Paul Gofman (@gofman) commented about dlls/ntdll/tests/sync.c:
/* test yields */
if (!test->timeout)
{
todo_wine_if(status == STATUS_TIMEOUT)
ok( status == STATUS_SUCCESS || status == STATUS_NO_YIELD_PERFORMED ||
(test->alertable && test->queue_apc && status == STATUS_USER_APC),
"%s: got %#lx.\n", test->desc, status );
if (status == STATUS_NO_YIELD_PERFORMED)
noyields[test->alertable ? 1 : 0]++;
}
/* test delays */
else
{
todo_wine_if(status == STATUS_TIMEOUT)
ok( status == STATUS_SUCCESS ||
checks in else look very close to if? In this probably worth removing the if and only conditionally increment noyields and coalesce the ok() condition into single expression?
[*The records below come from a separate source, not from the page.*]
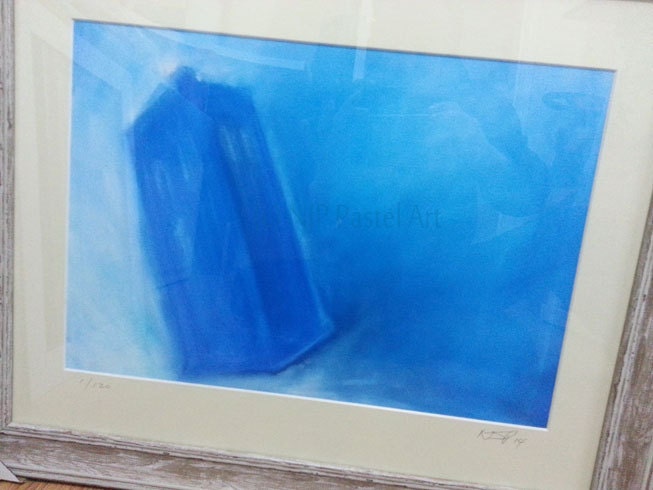 Dr Who Tardis picture. Ideal Gift for any Doctor Who lover, Blue Box - Limited Edition Prints & Gifts, from Dr Who inspired pastel original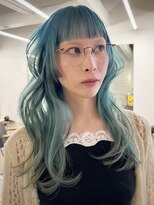 トナリ(tonari)&nbsp;姫カット×ミントカラー
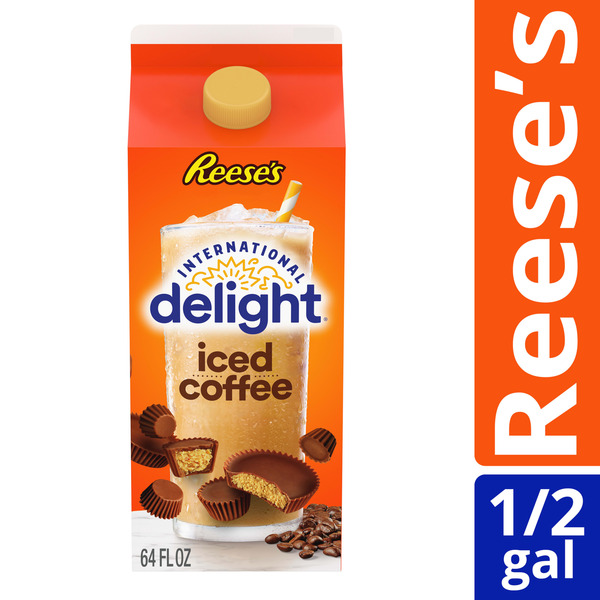 International Delight Iced Coffee, REESE’S, Ready to Pour Coffee Drinks Made with Real Milk and Cream, 64 FL OZ Carton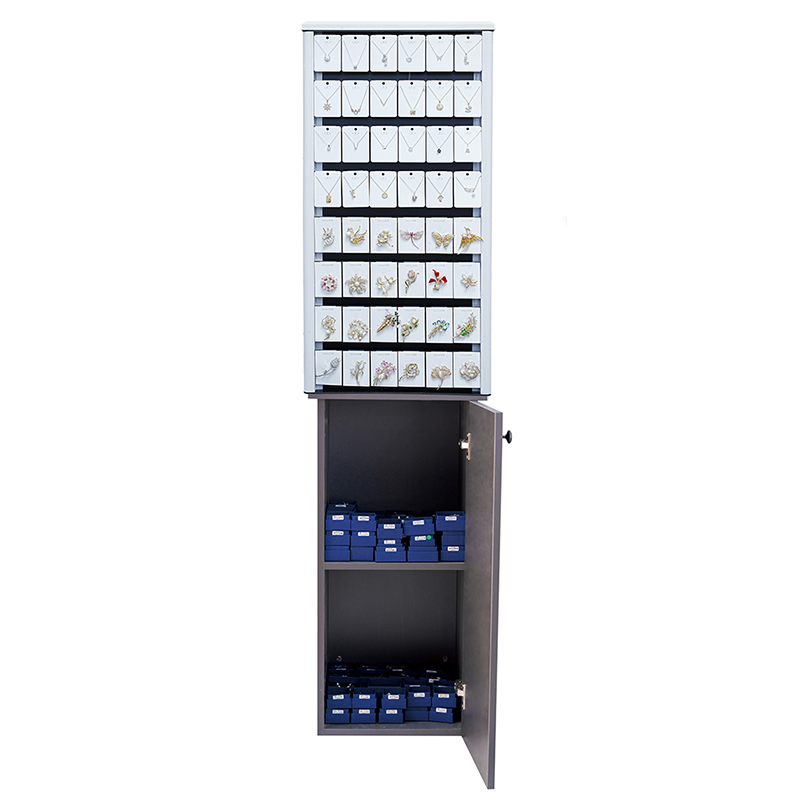 Earrings and Necklace in rotating cabinet wholesale RC010J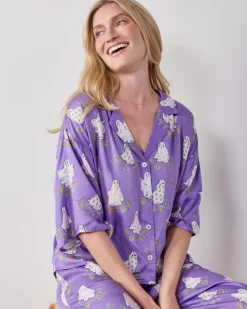 Petite Eco Satin Wildest Dreams Set in Gardening Ghosts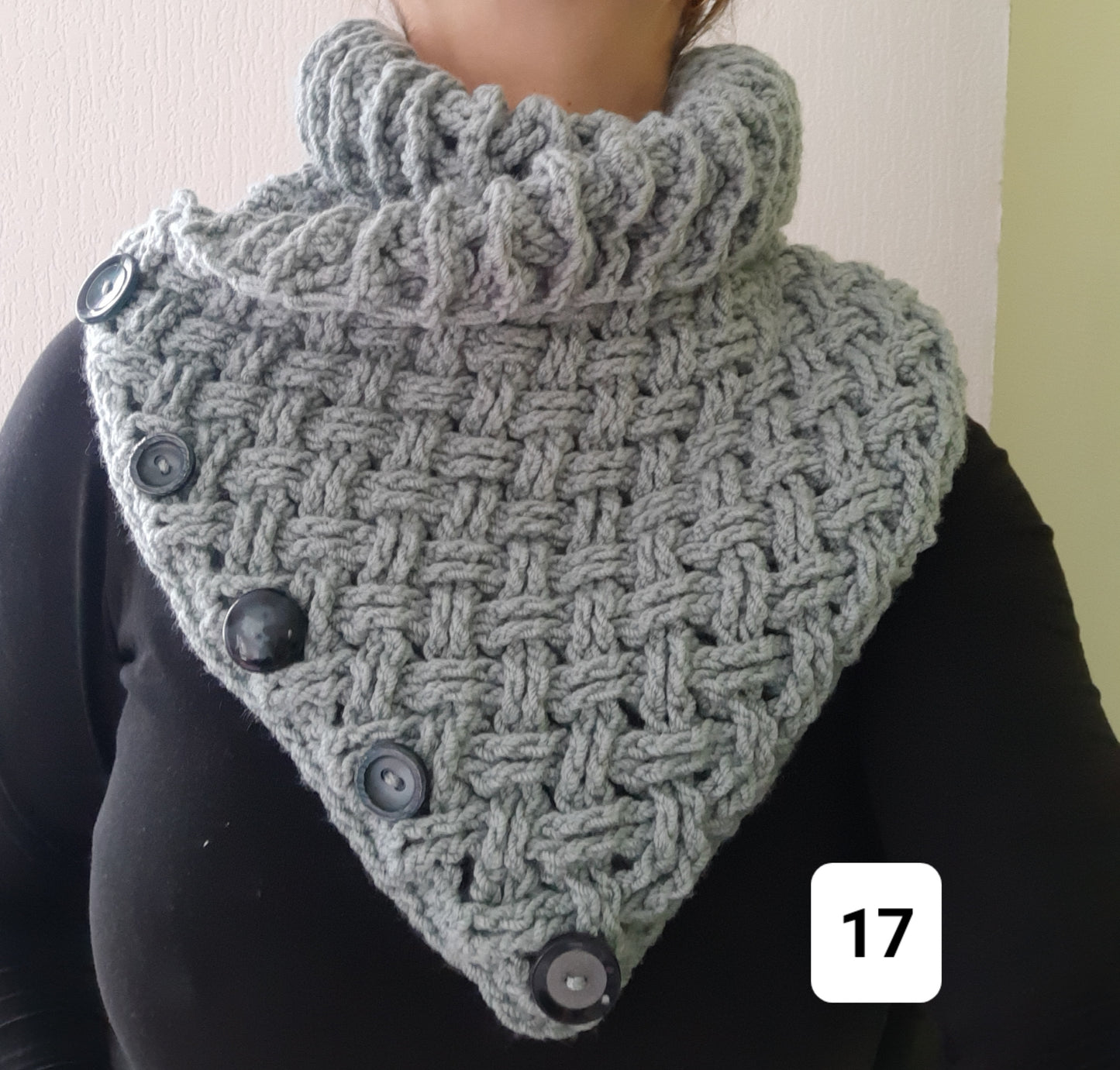 Chunky colsjaal div. kleuren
Paul Gofman (@gofman) commented about dlls/ntdll/tests/sync.c:
- DWORD ret;
- for (i = 0; i < 50; i++)
- {
for (j = 0; j < ARRAY_SIZE(tests); j++)
{
const struct delay_param *test = &tests[j];
timeout.QuadPart = test->timeout;
apc_count = 0;
if (test->queue_apc)
{
int k;
for (k = 0; k < 8; k++)
ok( QueueUserAPC( apc_proc, GetCurrentThread(), (ULONG_PTR)&apc_count ),
"%s: failed to queue APC %d.\n", test->desc, k );
We now use winetest_push_context / winetest_pop_context to avoid adding test id string into every ok().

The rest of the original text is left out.